Extreme Mode wird bestraft

Das Amtsgericht verurteilt einen 24-Jährigen, weil er rechte Kultklamotten der Marke „Thor Steinar“ trug. Anders als im Nachbarland Brandenburg ist deren altes Runen-Logo in Berlin noch verboten

von FELIX LEE

Hätte die Polizei den 24-jährigen Lehrling in Brandenburg erwischt, er wäre straffrei davongekommen. Doch in Berlin tickt die Justiz anders. Das Amtsgericht Tiergarten hat den Mann gestern zu sieben Monaten Haft auf Bewährung verurteilt. Zudem wurde er zu 150 Arbeitsstunden in einer gemeinnützigen Einrichtung verdonnert. Die Begründung: Im November 2004 hatte er ein Kapuzenshirt mit dem alten Logo der in der rechten Szene so beliebten Marke „Thor Steinar“ getragen. Dieses Logo ist in Berlin verboten.

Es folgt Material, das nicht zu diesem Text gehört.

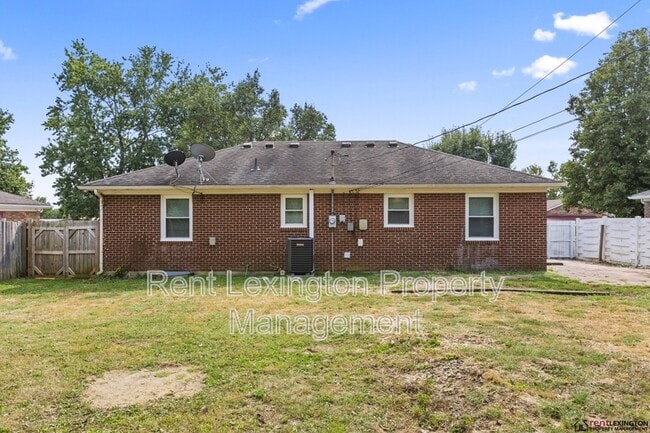 Building Photo - 214 Laurel Ln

Damit unterscheidet sich die Rechtsprechung in der Hauptstadt erheblich von der des Nachbarbundeslandes. Das Oberlandesgericht Brandenburg hatte im September 2005 entschieden, Thor-Steinar-Klamotten generell zu erlauben. Ein Jahr zuvor hatte die Brandenburger Generalstaatsanwaltschaft das Verbotsverfahren eingeleitet. Ihre Begründung: Das damals von Thor Steinar verwendete Runen-Logo sehe Symbolen verbotener Organisationen aus Zeiten des Nationalsozialismus zum Verwechseln ähnlich. Die Landgerichte Neuruppin und Potsdam bestätigten das Verbot. Daraufhin tauschte der Hersteller, die Firma Mediatex aus Königs Wusterhausen, das Logo aus. Doch weil das Oberlandesgericht schließlich anders entschied, mussten sämtliche anhängige Verfahren in Brandenburg eingestellt werden.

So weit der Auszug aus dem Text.